At times the cases seemed to say that any possibility of access, no matter how violently improbable, would leave the presumption active as against neutralizing proof. Rex v. Luffe, supra, per Lord Ellenborough; Head v. Ehad, 1 Sim. & S. 150. A formula so inexorable has yielded with the years to one more natural and supple. There are survivals here and there of the rule of olden days. Cf. Powell v. State ex rel. Fowler, 84 Ohio St. 165, 95 N. E. 660,36 L. R. A. (N. S.) 255;Bunel v. O'Day (C. C.) 125 F. 303, 317;Patterson v. Gaines, 6 How. 550, 589, 12 L. Ed. 553. By and large, none the less, the courts are generally agreed that countervailing evidence may shatter the presumption though the possibility of access is not susceptible of exclusion to the point of utter demonstration. Issue will not be bastardized as the outcome of a choice between nicely balanced probabilities. Head v. Head, supra. They will not be held legitimate by a sacrifice of probabilities in a futile quest for certainty. Some of the books tell us that, to overcome the presumption, the evidence of nonaccess must be ‘clear and convincing’ (Hynes v. McDermott, supra; Hargrave v. Hargrave, 9 Beav. 552; cf. Caujolle v. Ferrié, 23 N.Y. 90, 108, 139); others that it must lead to a conclusion that is ‘strong and irresistible’ (The Aylesford Peerage Case [L. R.] 11 App. Cas. 1, 17); others that it must be proof ‘beyond all reasonable doubt’ (Cross v. Cross, supra; Van Aernam v. Van Aernam, supra; Phillips v. Allen, 2 Allen [Mass.] 453;Sullivan v. Kelly, 3 Allen [Mass.] 148;Stegall v. Stegall, 2 Brock. 256, Fed. Cas. No. 13,351 [Marshall, C. J.]; 33 Harv. L. Rev. 307).
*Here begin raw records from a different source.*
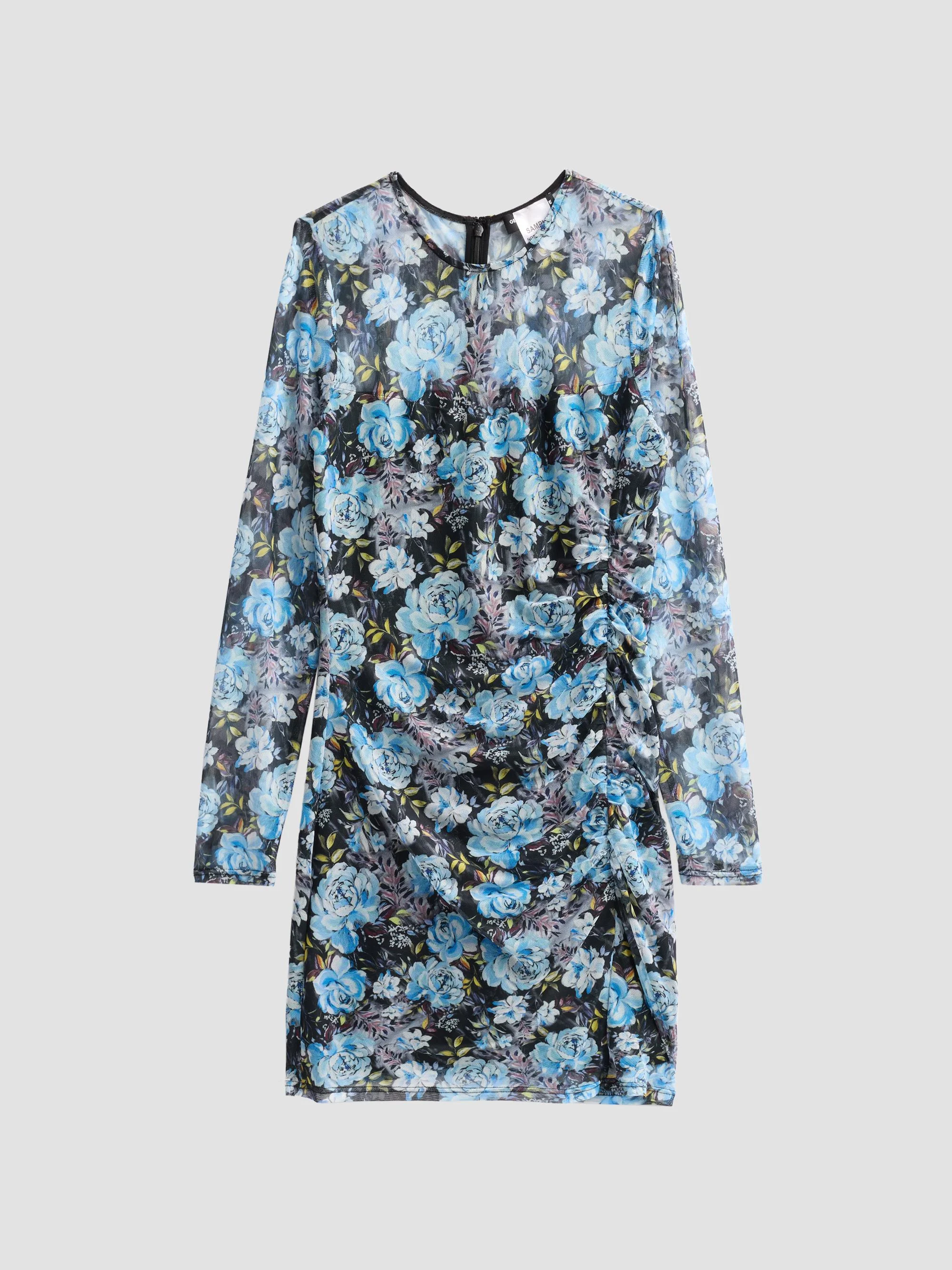 Women's Agnese Floral Mesh Mini Dress - Peony Palette Black - 1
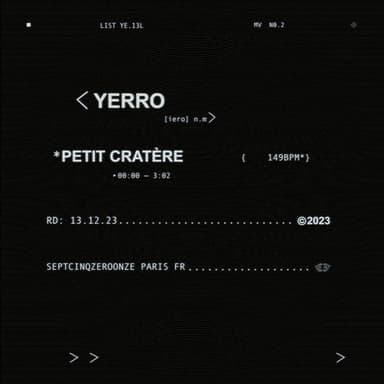 PETIT CRATÈRE Cover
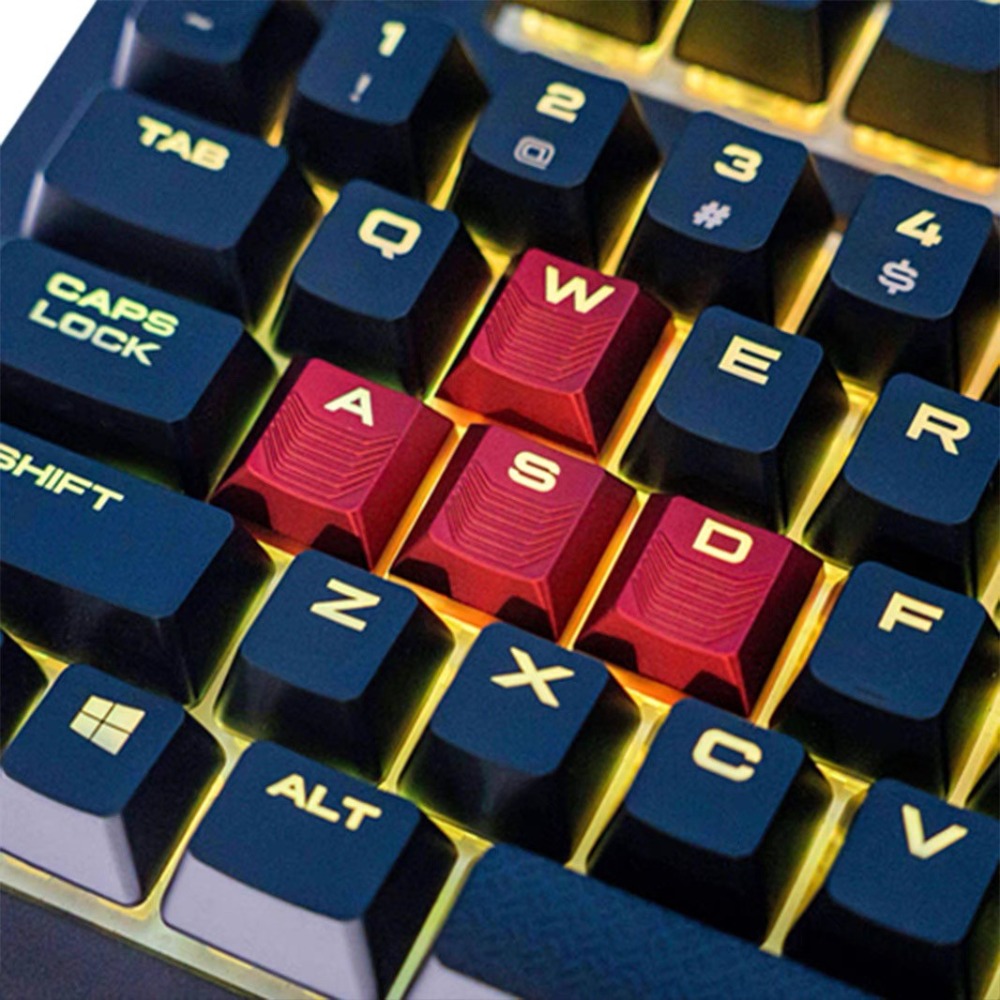 Gaming Accessories Aesthetic - أغطية مفاتيح شفافة لمفاتيح WASD والأسهم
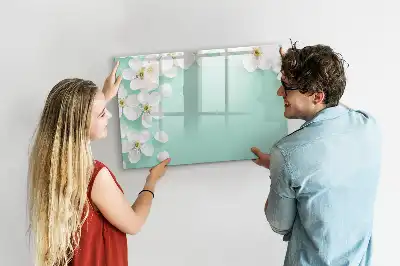 Tableau magnétique à dessiner motif marguerites flottantes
What is meant by these pronouncements, however differently phrased, is this, and nothing more, that the presumption will not fail unless common sense and reason are outraged by a holding that it abides. If husband and wife are living together in the conjugal relation, legitimacy will be presumed, though the wife has harbored an adulterer. Hargrave v. Hargrave, supra; Bury v. Phillpot, 2 Myl. & K. 349. It may even be presumed though the spouses are living apart if there is a fair basis for the belief that at times they may have come together. Whether such a basis exists in any given instance is to be determined, however, in the light of experience and reason. The presumption does not consecrate as truth the extravagantly improbable, which may be one, for ends juridical, with the indubitably false. Cf. Matter of Case, 214 N. Y. 199, 204,108 N. E. 408.

Illustration will be helpful to guide us to a choice. The beginning of the modern tendency can be marked in Goodright v. Saul, 4 T. R. (Durn. & E.) 356 [1791]. The husband and the wife had separated, and a child born later had received a different name, and had been brought up by its mother while living with another man. The court held the...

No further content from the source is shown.